§ Task statement: Your answer must match the entries below word for word.

Excerpts from a dataset:
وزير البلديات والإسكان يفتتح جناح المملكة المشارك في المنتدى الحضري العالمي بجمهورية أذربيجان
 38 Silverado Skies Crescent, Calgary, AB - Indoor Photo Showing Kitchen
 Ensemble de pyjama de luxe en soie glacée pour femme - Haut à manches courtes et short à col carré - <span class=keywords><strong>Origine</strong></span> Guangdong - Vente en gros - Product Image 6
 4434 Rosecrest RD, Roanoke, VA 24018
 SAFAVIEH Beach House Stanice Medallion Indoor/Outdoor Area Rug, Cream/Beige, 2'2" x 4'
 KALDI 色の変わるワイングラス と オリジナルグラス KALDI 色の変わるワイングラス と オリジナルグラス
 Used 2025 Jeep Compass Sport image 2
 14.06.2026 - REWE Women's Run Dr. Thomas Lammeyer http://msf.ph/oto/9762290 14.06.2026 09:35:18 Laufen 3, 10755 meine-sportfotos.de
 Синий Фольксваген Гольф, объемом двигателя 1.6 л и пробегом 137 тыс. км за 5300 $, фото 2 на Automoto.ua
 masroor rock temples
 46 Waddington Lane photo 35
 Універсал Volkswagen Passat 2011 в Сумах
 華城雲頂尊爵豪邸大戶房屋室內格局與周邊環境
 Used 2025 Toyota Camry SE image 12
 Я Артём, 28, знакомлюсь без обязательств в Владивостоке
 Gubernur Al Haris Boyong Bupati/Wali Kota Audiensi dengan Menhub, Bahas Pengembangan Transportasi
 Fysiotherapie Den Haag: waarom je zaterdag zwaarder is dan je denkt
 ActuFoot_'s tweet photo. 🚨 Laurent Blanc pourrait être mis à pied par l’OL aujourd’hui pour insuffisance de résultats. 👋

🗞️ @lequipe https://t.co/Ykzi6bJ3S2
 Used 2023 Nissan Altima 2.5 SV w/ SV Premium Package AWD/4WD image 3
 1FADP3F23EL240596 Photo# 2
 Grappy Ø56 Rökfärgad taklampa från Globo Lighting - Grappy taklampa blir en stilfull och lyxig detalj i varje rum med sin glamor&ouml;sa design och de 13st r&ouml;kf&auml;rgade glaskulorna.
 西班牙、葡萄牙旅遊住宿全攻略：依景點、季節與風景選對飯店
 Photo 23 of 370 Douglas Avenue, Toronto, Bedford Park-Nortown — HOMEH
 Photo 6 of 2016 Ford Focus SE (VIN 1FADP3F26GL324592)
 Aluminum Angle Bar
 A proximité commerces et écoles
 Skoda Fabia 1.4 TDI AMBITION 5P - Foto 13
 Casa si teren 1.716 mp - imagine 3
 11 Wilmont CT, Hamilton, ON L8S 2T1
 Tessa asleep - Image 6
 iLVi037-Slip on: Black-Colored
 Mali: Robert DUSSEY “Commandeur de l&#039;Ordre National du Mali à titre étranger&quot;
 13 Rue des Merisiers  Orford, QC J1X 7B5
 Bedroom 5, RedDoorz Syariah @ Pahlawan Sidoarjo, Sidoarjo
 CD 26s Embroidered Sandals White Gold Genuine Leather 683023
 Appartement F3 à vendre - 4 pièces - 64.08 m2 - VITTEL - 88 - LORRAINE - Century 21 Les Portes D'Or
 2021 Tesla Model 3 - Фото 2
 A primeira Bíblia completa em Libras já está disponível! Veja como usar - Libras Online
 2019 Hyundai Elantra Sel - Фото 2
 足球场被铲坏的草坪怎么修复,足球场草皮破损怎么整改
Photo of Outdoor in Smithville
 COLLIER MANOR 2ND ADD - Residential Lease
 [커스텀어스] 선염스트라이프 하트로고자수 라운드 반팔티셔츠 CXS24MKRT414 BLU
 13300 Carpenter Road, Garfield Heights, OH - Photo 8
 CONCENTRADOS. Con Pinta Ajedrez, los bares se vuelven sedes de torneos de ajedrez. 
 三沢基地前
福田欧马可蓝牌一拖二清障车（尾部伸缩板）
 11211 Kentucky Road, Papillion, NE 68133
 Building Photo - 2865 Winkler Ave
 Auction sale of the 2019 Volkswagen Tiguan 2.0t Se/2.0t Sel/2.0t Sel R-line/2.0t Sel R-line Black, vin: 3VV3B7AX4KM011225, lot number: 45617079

§ Answer to this problem:
وزير البلديات والإسكان يفتتح جناح المملكة المشارك في المنتدى الحضري العالمي بجمهورية أذربيجان
 38 Silverado Skies Crescent, Calgary, AB - Indoor Photo Showing Kitchen
 Ensemble de pyjama de luxe en soie glacée pour femme - Haut à manches courtes et short à col carré - <span class=keywords><strong>Origine</strong></span> Guangdong - Vente en gros - Product Image 6
 4434 Rosecrest RD, Roanoke, VA 24018
 SAFAVIEH Beach House Stanice Medallion Indoor/Outdoor Area Rug, Cream/Beige, 2'2" x 4'
 KALDI 色の変わるワイングラス と オリジナルグラス KALDI 色の変わるワイングラス と オリジナルグラス
 Used 2025 Jeep Compass Sport image 2
 14.06.2026 - REWE Women's Run Dr. Thomas Lammeyer http://msf.ph/oto/9762290 14.06.2026 09:35:18 Laufen 3, 10755 meine-sportfotos.de
 Синий Фольксваген Гольф, объемом двигателя 1.6 л и пробегом 137 тыс. км за 5300 $, фото 2 на Automoto.ua
 masroor rock temples
 46 Waddington Lane photo 35
 Універсал Volkswagen Passat 2011 в Сумах
 華城雲頂尊爵豪邸大戶房屋室內格局與周邊環境
 Used 2025 Toyota Camry SE image 12
 Я Артём, 28, знакомлюсь без обязательств в Владивостоке
 Gubernur Al Haris Boyong Bupati/Wali Kota Audiensi dengan Menhub, Bahas Pengembangan Transportasi
 Fysiotherapie Den Haag: waarom je zaterdag zwaarder is dan je denkt
 ActuFoot_'s tweet photo. 🚨 Laurent Blanc pourrait être mis à pied par l’OL aujourd’hui pour insuffisance de résultats. 👋

🗞️ @lequipe https://t.co/Ykzi6bJ3S2
 Used 2023 Nissan Altima 2.5 SV w/ SV Premium Package AWD/4WD image 3
 1FADP3F23EL240596 Photo# 2
 Grappy Ø56 Rökfärgad taklampa från Globo Lighting - Grappy taklampa blir en stilfull och lyxig detalj i varje rum med sin glamor&ouml;sa design och de 13st r&ouml;kf&auml;rgade glaskulorna.
 西班牙、葡萄牙旅遊住宿全攻略：依景點、季節與風景選對飯店
 Photo 23 of 370 Douglas Avenue, Toronto, Bedford Park-Nortown — HOMEH
 Photo 6 of 2016 Ford Focus SE (VIN 1FADP3F26GL324592)
 Aluminum Angle Bar
 A proximité commerces et écoles
 Skoda Fabia 1.4 TDI AMBITION 5P - Foto 13
 Casa si teren 1.716 mp - imagine 3
 11 Wilmont CT, Hamilton, ON L8S 2T1
 Tessa asleep - Image 6
 iLVi037-Slip on: Black-Colored
 Mali: Robert DUSSEY “Commandeur de l&#039;Ordre National du Mali à titre étranger&quot;
 13 Rue des Merisiers  Orford, QC J1X 7B5
 Bedroom 5, RedDoorz Syariah @ Pahlawan Sidoarjo, Sidoarjo
 CD 26s Embroidered Sandals White Gold Genuine Leather 683023
 Appartement F3 à vendre - 4 pièces - 64.08 m2 - VITTEL - 88 - LORRAINE - Century 21 Les Portes D'Or
 2021 Tesla Model 3 - Фото 2
 A primeira Bíblia completa em Libras já está disponível! Veja como usar - Libras Online
 2019 Hyundai Elantra Sel - Фото 2
 足球场被铲坏的草坪怎么修复,足球场草皮破损怎么整改
Photo of Outdoor in Smithville
 COLLIER MANOR 2ND ADD - Residential Lease
 [커스텀어스] 선염스트라이프 하트로고자수 라운드 반팔티셔츠 CXS24MKRT414 BLU
 13300 Carpenter Road, Garfield Heights, OH - Photo 8
 CONCENTRADOS. Con Pinta Ajedrez, los bares se vuelven sedes de torneos de ajedrez. 
 三沢基地前
福田欧马可蓝牌一拖二清障车（尾部伸缩板）
 11211 Kentucky Road, Papillion, NE 68133
 Building Photo - 2865 Winkler Ave
 Auction sale of the 2019 Volkswagen Tiguan 2.0t Se/2.0t Sel/2.0t Sel R-line/2.0t Sel R-line Black, vin: 3VV3B7AX4KM011225, lot number: 45617079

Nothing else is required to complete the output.